## Requirement
Reproduce each line, exactly, from the one containing "Aerial photograph of" through the end of the material. Exclude pictures.

## Given data
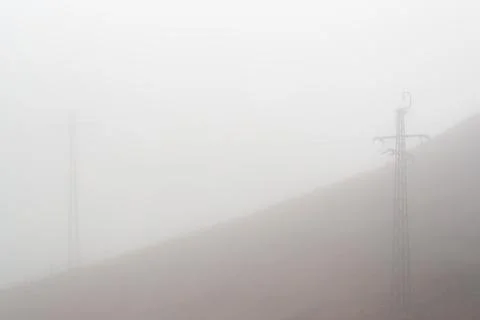 Power Lines into the Mist Stock Photos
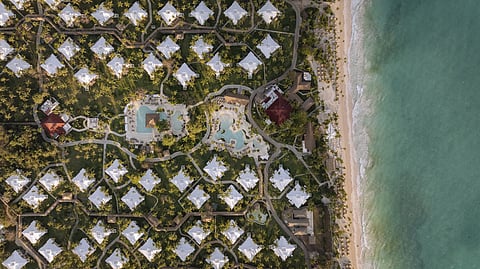 Aerial photograph of a large beachfront resort with pools, palm trees and white sand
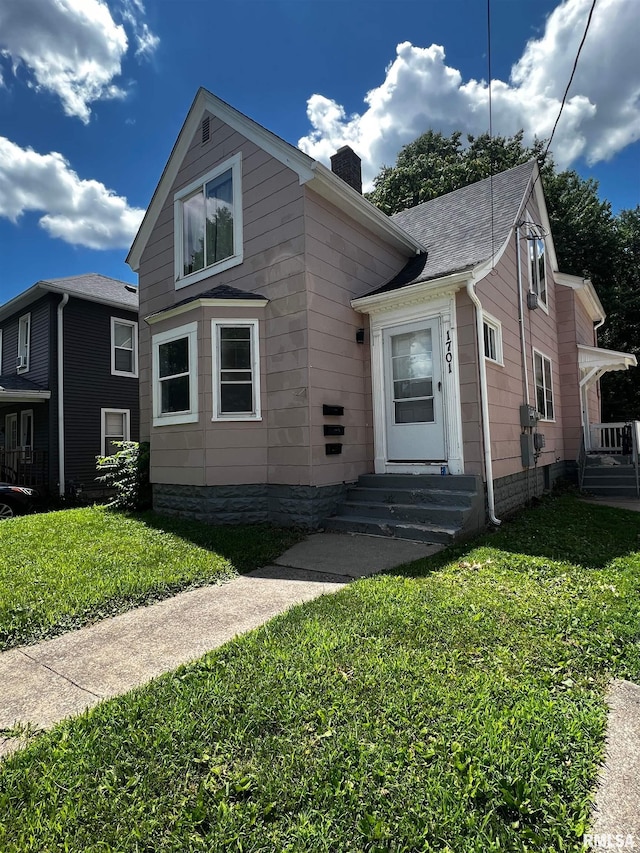 1701 2nd St, Moline, IL 61265 - view of front facade featuring a chimney and a front yard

## Result
 Aerial photograph of a large beachfront resort with pools, palm trees and white sand
 1701 2nd St, Moline, IL 61265 - view of front facade featuring a chimney and a front yard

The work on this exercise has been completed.